The Pittsburgh Press (May 2, 1945)
NAZIS QUIT IN ITALY
Almost million troops affected by surrender; West Austria included
By Herbert G. King, United Press staff writer
SURRENDER IN ITALY by the German forces collapsed the southern side of the Nazi redoubt. Surrender also affected German troops in Western Austria. Meanwhile, the U.S. Third and Seventh Armies were smashing into Austria from the north, and were reported within 40 miles of Berchtesgaden. Far to the north, the British Second Army drove to the Baltic Sea at Wismar, near a juncture with Red Army troops reported near Rostock.

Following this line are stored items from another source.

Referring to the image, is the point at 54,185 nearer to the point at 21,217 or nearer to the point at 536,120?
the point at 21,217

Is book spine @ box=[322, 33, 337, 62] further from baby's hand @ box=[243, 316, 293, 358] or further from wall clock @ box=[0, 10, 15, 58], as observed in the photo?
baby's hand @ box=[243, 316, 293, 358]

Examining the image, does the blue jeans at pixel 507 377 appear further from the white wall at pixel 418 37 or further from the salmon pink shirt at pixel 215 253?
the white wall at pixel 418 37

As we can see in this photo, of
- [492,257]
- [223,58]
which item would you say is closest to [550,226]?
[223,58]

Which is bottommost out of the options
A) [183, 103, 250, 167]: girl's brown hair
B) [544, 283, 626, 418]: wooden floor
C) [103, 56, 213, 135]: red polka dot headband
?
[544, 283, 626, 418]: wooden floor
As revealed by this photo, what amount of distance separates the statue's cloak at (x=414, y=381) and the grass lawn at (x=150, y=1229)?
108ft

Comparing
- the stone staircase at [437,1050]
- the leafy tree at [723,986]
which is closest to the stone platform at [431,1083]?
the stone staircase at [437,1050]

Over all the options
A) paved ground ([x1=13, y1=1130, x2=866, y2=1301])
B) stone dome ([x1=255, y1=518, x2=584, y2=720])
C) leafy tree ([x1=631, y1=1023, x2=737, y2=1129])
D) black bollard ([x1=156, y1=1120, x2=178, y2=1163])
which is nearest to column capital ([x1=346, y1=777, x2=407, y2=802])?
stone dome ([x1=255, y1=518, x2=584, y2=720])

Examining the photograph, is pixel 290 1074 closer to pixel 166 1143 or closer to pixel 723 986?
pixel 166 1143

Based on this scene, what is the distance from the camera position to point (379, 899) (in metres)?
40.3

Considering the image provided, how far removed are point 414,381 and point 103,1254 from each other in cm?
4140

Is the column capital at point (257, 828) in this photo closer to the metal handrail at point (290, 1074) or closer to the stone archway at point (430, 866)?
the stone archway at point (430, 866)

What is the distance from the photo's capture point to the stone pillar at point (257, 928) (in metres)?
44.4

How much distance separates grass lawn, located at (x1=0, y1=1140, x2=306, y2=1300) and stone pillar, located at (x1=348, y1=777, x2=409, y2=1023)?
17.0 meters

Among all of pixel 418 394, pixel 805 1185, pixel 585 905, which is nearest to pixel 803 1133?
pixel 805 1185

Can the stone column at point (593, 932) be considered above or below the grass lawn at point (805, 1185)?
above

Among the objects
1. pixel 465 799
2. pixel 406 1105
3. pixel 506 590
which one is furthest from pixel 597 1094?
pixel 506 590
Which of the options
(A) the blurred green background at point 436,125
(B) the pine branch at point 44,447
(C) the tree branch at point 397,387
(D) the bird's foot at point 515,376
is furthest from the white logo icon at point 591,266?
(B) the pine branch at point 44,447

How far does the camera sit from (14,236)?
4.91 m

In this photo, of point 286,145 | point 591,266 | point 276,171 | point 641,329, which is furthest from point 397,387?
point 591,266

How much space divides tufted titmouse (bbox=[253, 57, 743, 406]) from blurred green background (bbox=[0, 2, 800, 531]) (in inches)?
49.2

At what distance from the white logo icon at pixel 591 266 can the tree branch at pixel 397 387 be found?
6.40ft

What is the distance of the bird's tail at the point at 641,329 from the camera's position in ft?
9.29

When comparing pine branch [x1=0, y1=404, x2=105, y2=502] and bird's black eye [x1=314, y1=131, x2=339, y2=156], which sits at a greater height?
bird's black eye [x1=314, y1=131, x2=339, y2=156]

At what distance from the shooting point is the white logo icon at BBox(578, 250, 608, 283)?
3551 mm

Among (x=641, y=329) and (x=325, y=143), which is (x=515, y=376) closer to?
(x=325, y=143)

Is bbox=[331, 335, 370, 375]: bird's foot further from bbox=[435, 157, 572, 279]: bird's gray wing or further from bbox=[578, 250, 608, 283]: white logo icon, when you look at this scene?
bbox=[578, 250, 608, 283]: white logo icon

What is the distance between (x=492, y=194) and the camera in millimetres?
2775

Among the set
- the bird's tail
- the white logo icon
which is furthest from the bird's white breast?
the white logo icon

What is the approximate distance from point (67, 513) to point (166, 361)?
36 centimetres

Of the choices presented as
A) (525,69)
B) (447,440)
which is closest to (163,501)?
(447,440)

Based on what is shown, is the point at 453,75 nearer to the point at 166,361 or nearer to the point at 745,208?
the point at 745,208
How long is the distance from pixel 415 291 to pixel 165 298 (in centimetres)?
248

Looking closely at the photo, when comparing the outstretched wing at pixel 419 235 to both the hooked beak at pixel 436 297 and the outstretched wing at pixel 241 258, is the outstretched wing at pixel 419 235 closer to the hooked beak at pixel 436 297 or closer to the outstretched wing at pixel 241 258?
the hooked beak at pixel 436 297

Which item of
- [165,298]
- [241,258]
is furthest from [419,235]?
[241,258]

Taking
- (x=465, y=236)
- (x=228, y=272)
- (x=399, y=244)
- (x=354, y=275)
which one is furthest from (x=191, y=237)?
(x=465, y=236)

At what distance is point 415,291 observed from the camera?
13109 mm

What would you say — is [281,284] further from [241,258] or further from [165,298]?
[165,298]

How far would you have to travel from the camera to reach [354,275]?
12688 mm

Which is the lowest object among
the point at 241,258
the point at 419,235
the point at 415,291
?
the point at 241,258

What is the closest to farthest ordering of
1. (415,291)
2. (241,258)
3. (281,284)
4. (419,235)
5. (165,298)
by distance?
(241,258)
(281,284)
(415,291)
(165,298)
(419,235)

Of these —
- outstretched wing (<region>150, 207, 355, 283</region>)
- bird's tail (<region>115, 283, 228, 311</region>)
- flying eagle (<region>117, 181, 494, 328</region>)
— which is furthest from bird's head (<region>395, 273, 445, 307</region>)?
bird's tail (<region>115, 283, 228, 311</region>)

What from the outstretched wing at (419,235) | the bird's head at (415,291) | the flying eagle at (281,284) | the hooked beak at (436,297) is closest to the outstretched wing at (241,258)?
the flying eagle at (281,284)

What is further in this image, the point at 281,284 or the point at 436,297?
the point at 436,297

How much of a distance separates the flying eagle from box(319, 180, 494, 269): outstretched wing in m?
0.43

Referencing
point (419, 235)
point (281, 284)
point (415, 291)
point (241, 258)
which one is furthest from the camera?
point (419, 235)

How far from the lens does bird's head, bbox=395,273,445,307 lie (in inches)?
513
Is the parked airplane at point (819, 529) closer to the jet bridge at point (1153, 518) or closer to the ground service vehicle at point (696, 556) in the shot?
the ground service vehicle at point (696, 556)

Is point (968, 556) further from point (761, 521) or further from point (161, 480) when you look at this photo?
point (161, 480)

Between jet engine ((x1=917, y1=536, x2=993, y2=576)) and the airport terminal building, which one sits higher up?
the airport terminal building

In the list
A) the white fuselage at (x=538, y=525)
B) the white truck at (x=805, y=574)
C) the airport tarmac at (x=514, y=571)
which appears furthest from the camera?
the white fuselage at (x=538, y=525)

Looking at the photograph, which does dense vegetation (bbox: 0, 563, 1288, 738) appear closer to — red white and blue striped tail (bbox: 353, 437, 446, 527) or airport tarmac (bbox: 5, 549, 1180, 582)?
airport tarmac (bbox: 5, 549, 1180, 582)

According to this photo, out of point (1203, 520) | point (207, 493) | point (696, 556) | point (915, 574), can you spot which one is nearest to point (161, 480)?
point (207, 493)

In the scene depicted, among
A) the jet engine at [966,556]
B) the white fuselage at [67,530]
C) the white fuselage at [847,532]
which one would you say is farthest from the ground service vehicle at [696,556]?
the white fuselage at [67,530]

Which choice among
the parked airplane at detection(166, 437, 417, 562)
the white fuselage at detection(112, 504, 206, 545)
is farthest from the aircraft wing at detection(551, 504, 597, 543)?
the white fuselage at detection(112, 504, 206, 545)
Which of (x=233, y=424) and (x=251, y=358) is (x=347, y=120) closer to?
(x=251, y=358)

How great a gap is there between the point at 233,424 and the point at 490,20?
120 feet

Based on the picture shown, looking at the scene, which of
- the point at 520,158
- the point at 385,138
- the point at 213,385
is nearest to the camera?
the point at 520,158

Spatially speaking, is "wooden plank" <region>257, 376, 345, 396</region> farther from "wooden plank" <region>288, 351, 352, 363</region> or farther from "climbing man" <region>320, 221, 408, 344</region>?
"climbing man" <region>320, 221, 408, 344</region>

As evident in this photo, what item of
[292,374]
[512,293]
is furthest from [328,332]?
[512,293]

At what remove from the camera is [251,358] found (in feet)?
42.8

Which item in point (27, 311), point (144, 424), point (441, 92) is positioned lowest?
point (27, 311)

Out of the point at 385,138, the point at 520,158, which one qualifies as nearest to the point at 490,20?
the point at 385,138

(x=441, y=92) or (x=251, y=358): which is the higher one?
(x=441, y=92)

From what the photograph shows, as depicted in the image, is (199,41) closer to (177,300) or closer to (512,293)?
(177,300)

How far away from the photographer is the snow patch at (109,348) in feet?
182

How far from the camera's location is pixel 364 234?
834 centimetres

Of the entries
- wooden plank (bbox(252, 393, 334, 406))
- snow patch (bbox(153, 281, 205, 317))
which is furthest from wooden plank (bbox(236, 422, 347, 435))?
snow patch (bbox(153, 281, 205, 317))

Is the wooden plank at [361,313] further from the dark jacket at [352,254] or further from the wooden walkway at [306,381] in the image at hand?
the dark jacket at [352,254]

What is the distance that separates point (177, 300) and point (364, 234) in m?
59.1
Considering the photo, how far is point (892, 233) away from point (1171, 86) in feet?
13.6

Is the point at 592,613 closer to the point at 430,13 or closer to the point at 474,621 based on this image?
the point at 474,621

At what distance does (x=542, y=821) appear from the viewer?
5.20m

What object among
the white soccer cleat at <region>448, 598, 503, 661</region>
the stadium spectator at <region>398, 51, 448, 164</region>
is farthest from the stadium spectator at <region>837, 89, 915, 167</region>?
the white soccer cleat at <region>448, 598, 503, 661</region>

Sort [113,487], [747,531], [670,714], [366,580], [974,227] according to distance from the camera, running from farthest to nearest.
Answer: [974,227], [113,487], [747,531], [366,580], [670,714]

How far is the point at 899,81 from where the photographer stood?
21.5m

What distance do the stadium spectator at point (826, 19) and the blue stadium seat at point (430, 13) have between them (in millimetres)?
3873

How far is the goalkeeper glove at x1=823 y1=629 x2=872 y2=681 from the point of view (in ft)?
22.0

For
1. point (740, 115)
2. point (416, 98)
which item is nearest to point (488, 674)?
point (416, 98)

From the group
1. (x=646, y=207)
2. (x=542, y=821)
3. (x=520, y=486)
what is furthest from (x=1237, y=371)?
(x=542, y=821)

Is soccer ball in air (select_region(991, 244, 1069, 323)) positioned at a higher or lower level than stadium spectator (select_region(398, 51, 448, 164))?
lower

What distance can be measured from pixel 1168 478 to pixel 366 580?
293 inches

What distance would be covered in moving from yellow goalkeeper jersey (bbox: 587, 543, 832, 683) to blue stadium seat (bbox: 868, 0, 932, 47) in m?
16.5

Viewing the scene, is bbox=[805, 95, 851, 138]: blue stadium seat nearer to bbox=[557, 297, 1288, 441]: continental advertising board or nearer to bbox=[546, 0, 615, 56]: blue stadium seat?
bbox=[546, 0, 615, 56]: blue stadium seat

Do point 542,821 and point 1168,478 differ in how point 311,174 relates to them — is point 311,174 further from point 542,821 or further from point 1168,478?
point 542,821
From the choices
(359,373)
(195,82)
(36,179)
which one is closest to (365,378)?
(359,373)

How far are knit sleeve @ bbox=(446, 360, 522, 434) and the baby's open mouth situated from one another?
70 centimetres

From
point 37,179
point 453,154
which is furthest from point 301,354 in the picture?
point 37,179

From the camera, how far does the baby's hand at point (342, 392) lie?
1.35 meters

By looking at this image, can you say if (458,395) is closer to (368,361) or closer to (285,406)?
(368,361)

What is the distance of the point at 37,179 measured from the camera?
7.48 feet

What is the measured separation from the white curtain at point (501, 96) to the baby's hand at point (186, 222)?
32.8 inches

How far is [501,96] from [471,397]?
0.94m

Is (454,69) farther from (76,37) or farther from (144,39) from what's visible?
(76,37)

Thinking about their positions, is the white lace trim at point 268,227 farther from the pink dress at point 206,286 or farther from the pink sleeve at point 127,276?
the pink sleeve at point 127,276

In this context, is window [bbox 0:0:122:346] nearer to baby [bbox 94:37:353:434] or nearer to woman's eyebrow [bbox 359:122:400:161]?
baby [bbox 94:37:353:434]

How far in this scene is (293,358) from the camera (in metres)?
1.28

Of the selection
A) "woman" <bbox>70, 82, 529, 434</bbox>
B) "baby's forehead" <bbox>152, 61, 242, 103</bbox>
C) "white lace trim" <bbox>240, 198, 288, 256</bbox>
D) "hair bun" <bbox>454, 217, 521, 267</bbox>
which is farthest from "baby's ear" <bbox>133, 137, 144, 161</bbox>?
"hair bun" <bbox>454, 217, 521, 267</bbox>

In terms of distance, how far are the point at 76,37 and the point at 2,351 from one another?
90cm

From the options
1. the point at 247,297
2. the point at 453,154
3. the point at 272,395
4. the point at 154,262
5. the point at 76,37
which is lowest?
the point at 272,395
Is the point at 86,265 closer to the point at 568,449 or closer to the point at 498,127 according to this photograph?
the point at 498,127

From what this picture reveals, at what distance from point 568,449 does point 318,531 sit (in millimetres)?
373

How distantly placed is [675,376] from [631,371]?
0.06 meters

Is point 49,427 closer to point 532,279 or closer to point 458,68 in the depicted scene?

ROYAL PALACE AT CASERTA, Near Naples, Italy (UP) – The German Armies of Northern Italy and Western Austria formally surrendered unconditionally to the Allies today, effective at 8 a.m. ET.
The surrender affects between 600,000 and 900,000 men commanded by Col. Gen. Heinrich von Vietinghoff and Gen. Karl Wolff, chief of police and security for Northern Italy and Western Austria.
Lt. Gen. W. D. Morgan of the British Army, who negotiated on behalf of Field Marshal Sir Harold R. L. G. Alexander, supreme commander in the Mediterranean Theater, said the terms “in effect are complete and unconditional surrender.”
The documents were signed in the Royal Palace here on Sunday by Gen. Morgan and two German officers, one of whom represented von Vietinghoff and the other Wolff.
The surrender will permit the Allies to make an unhindered advance to within 10 miles of Adolf Hitler’s former country home at Berchtesgaden. It also uncovers the flank of Col. Gen. von Lehr, commanding enemy troops in the Trieste area.
The surrender documents were signed in the presence of a group of Allied officers which included Russians. Secret negotiations for the surrender have been going on for several days.
The terms are the immediate immobilization and disarmament of enemy ground, sea and air forces.
Near Brenner Pass
The surrender imposes upon the German commander-in-chief the obligation to carry out any further orders issued by Marshal Alexander.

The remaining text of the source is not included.